Meskipun dengan pendekatan ini historiografer bisa mendapatkan fakta-fakta yang akurat, pandangan subyektif historiografer tetap berpengaruh pada interpretasi sejarah yang diciptakannya.
Historiografi tradisional mengacu pada cara-cara sejarah ditulis pada masa lalu, ketika sumber-sumber primer (baik yang ditulis, lisan, maupun arkeologis) merupakan satu-satunya sumber untuk mengumpulkan data sejarah.
Sejarah sangat dipengaruhi oleh siapa yang memiliki akses ke sumber-sumber ini, sehingga gambaran sejarah yang diciptakan bisa sangat subyektif.

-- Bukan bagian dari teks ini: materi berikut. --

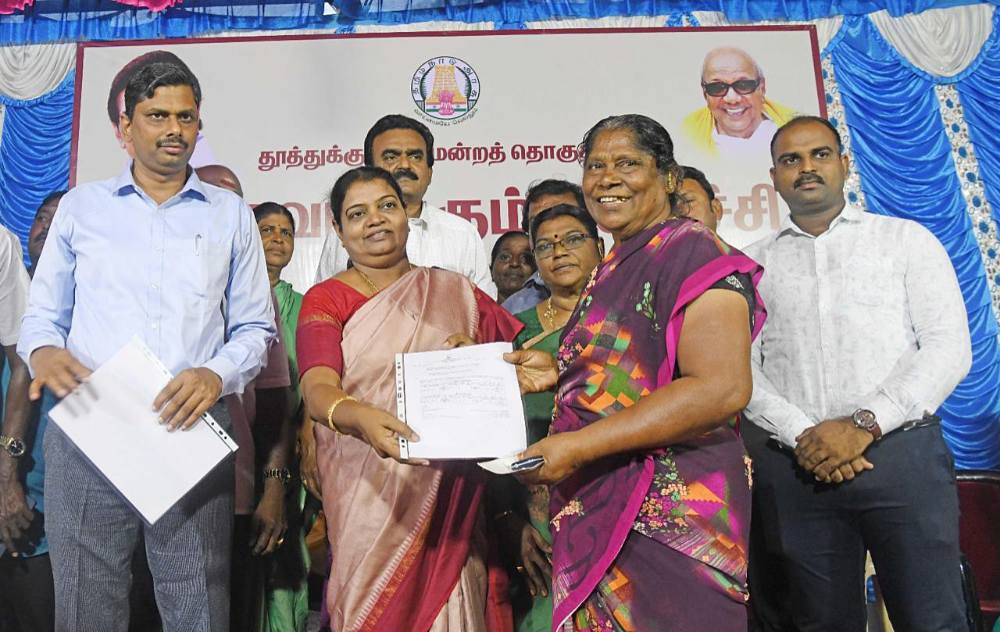 தூத்துக்குடி மாநகராட்சிக்குட்பட்ட பகுதிகளில் வசிக்கும் 151 பயனாளிகளுக்கு கணினி பட்டா - அமைச்சர் கீதா ஜீவன் வழங்கினார்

Karena sumber-sumber tersebut dipandang sebagai otoritatif dan benar, maka historiografi tradisional sering menekankan pentingnya memperluas pengetahuan dan pengumpulan sumber untuk ”menceritakan” perjalanan sejarah yang benar.
Ciri-Ciri Historiografi Tradisional
Beberapa ciri-ciri dari historiografi tradisional adalah sebagai berikut:
- Istana Sentris, artinya yang berpusat pada kehidupan istana kerajaan.
- Religius Magis, dihubungkan dengan kepercayaan dan hal-hal yang gaib. Seorang raja dianggap sebagai wujud penjelmaan Dewa atau Tuhan, sehingga dianggap memiliki kekuatan magis atau gaib.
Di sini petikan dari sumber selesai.